Georgia Tech Yellow Jackets running back Deon Hill runs with the ball against the Miami Hurricanes during the first quarter at Sun Life Stadium on Saturday. (Steve Mitchell-USA TODAY Sports)
ATLANTA — Perhaps the best way to describe what awaits Georgia Tech’s football team as it prepares for this Saturday’s game against Brigham Young might be the often-used catchphrase from the 1970s British comedy show, “Monty Python’s Flying Circus.”
And now for something completely different.
And there are plenty of features of the Yellow Jackets’ (3-2, 2-2 Atlantic Coast Conference) 7 p.m. kickoff at LaVell Edwards Stadium in Provo, Utah, that are radically different from anything they’ve faced so far this season.
For one thing, Tech steps out of the division and the conference to take on the Cougars (3-2) after four straight games against ACC Coastal Division foes.
But while the change of pace might provide the Jackets with a needed break after the grind of those four division games, particularly after losses to No. 24 Virginia Tech and 14th-ranked Miami in the last two, coach Paul Johnson doesn’t expect BYU to be any less challenging.
“I don’t know about refreshing,” Johnson said Tuesday during his weekly press briefing. “You’ve got a physical, tough opponent to go play on the road. So, it’s a challenge. Nobody likes to lose. You want to try to get that out of your system as fast as you can. So, it’s a chance to go play another game.”
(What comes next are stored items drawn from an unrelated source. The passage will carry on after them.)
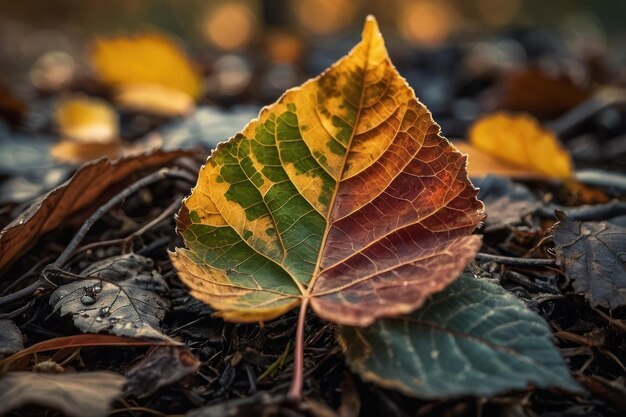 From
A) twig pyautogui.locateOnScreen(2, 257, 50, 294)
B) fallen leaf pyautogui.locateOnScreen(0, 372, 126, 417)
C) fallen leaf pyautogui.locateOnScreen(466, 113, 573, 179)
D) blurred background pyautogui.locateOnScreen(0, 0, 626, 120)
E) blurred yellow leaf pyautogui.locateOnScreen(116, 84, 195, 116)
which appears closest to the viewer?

But this game will be played under dramatically different conditions from anything the Jackets have played in so far this season.
After enduring near 90-degree heat in Miami last week, the air will be considerably cooler this week, with temperatures expected be perhaps as low as the upper ’40s by game time.
The air in the 4,549-foot elevation of the Rocky Mountains in northern Utah will also be a lot thinner than that both the 1,050-foot elevation of Atlanta the Jackets are used to, or the near-sea level of Miami that they played in last week.
Throw in a two-hour time difference, and there are a lot of adjustments Tech’s players will have to make.
But Johnson preferred to downplay those adjustments Tuesday.
“Coming off a road trip to Miami, I told someone a minute ago that we had a chance to play in 90 degrees (last) Saturday and maybe the high (40s) this Saturday,” Johnson said. “That’s a pretty good variance, (as is) going across two time zones. But more important than that, we’re going up against a pretty good football team.
“It could be (a factor), if you let it. You can’t control it. We don’t talk about it a lot. When we were at Hawaii (and played at BYU) we didn’t talk about it a lot. I can remember taking teams out to that part of the country at Georgia Southern a couple times for the playoffs. We just went and played and didn’t worry about it. There’s no remedy for it. We can go out there a couple of weeks and become accustomed to it. … We may have to play more guys and watch if they’re tired. But it’s been my experience that the more you talk about it, the more they think about it. If you just go play, you play. It’s a factor, but there’s nothing you can do about it.”
There are some things the Jackets can do something about — among them, cut down on the mental and physical mistakes that have plagued the past two weeks in losses, and take better advantage of opportunities presented to them.
If they can do that, Johnson emphasizes, there is plenty about their remaining season they can still control.
“It’s like I told our football team. We’ve still got more than half the season to go,” Johnson said. “We’re disappointed we lost the (last) two games the league, but also the two teams that beat us are a combined 9-1 with the one loss coming to the No. 1 team in the country. So, you try to get better and see if you can’t win this game. You take it week by week. We can still have a pretty good season if we can get the thing turned.”